Use moving images like https://monday.com/, static screenshots on a laptop/phone look boring, generic and old fashioned, I skipped right past them. I would change the headline to a benefit, and the subheadline to features about your product (like monday). Instead of clicking a button which opens a popup form (two steps) put one form next to the button, and 4 fields is going to turn a lot of people away, and nobody wants to get calls from salespeople, so requesting a phone number will turn even more people away. If you ask for email and put a button next to the form field like monday did you will get more leads. Also, the blue video is pointless IMO, stock videos are a huge turnoff, as they scream INAUTHENTICITY, people want what’s real, not stock footage that IMO has zero to do with what you’re selling. Compare monday side by side (mobile too) with your page, then pretend you’re a customer and are looking at 2 brands selling the same thing, which one would you choose? why? BTW I’m not affiliated with monday.com, I just think they did a good job on making a SASS LP interesting. Good luck!
I think the biggest problem with the page is that you aren’t giving people enough of a reason to want to schedule a demo.
I agree with the comment above about including a benefit in the headline. Your prospects don;t need software. They need solutions to the problems and pain pints they are facing. That’s your benefit. Lead with that.
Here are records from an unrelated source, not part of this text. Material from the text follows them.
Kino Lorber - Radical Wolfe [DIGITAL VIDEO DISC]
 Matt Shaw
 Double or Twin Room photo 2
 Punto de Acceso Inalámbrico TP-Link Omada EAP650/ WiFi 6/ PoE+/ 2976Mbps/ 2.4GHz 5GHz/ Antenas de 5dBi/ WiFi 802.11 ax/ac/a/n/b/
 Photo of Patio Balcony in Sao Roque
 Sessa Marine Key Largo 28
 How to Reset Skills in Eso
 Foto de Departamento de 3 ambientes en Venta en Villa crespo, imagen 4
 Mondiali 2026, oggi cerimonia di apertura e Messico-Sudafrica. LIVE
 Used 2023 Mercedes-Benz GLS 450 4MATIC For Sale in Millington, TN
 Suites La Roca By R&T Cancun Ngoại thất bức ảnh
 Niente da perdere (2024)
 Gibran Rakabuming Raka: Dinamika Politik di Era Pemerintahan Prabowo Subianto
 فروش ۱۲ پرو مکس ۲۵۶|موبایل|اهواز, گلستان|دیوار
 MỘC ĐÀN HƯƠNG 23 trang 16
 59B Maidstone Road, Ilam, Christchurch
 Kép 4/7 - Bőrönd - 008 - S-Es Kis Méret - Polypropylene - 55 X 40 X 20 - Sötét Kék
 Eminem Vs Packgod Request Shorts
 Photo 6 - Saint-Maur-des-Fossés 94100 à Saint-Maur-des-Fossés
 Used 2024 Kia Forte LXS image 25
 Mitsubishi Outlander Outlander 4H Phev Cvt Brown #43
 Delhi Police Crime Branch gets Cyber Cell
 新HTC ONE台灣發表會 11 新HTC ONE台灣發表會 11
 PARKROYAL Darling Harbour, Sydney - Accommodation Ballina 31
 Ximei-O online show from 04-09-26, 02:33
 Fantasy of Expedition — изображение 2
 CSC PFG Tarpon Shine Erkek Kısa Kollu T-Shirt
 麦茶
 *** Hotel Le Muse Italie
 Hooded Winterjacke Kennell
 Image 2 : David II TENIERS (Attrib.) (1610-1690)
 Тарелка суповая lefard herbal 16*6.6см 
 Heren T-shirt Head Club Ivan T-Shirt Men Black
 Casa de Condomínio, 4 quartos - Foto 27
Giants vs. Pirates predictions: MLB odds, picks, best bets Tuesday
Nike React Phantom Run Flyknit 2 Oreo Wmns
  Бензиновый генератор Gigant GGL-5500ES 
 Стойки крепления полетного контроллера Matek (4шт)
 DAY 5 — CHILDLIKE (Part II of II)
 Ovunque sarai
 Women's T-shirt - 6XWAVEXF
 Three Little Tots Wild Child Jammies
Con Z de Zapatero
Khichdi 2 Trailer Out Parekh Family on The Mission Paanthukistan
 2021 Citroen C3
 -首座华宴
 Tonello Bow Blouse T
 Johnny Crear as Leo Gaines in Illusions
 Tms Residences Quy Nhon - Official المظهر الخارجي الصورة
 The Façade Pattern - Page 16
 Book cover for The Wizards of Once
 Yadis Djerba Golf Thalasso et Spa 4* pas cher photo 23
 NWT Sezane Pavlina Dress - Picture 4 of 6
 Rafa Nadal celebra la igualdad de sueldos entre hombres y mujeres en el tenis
I know you try to hit on benefits with the subhead, but “Get your team performing at their best” is too generic to be impactful. It’s not something you can easily picture in your head. And it could mean just about anything to the reader.
Your feature descriptions aren’t bad, but they would be stronger if you included a bit more context and tied them more directly to the daily burden you mention in the intro paragraph. You don’t have to include every feature or use case (that would negate the need for a demo) but you should give enough info and specifics to whet the appetite.
I would also consider alternative image options as well. Again, they aren’t bad, because they do show the product, but it’s hard to tell what you’re looking at specifically or why you should care. You want people to imagine themselves using and benefitting from the product.
I like the idea of the customer success story, but this was a bit underwhelming. I expected to see sone sort of quantifiable results from the client using the product. This essentially just says that they use it. If you don’t have any true success stories, maybe replace it with client logos and/or testimonials. Those would also be good to include, even if you do have a better success story to include.
Finally, it’s a relatively minor tweak, but I would change the question in your closing CTA to a benefit statement. It’s too easy for someone to answer “no.” Instead, remind them why they should want to learn more with a statement such as “See for yourself how DC2Vue can help ease the burden on your busy community care staff.” above the button.
I hope that helps. Best of luck.
Hi charitable,
Thank you for the review. I tried to incorporate some of your feedback. let me know your thoughts on v2.
http://get.datacaptureexperts.com.au/home-and-community-care-software
Cheers,
Nalaka
Hi SeanKirby,
Thank you for the review and feedback. I incorporated some of your feedback. let me know your thoughts on v2. http://get.datacaptureexperts.com.au/home-and-community-care-software
Cheers,
Nalaka
It’s stronger than the first version. I think you did a nice job of weaving in some of the specifics and pain points.
Depending on what the ads leading people to this page say, You might consider flipping the head and subhead so tou’re Leading with the benefits.
I would also add a bit more context before the form. Let people know why they should be filling out the form before they get I to it. You don’t know what it’s for until you get to the button.
Keep job on the improvements. You’re almost there.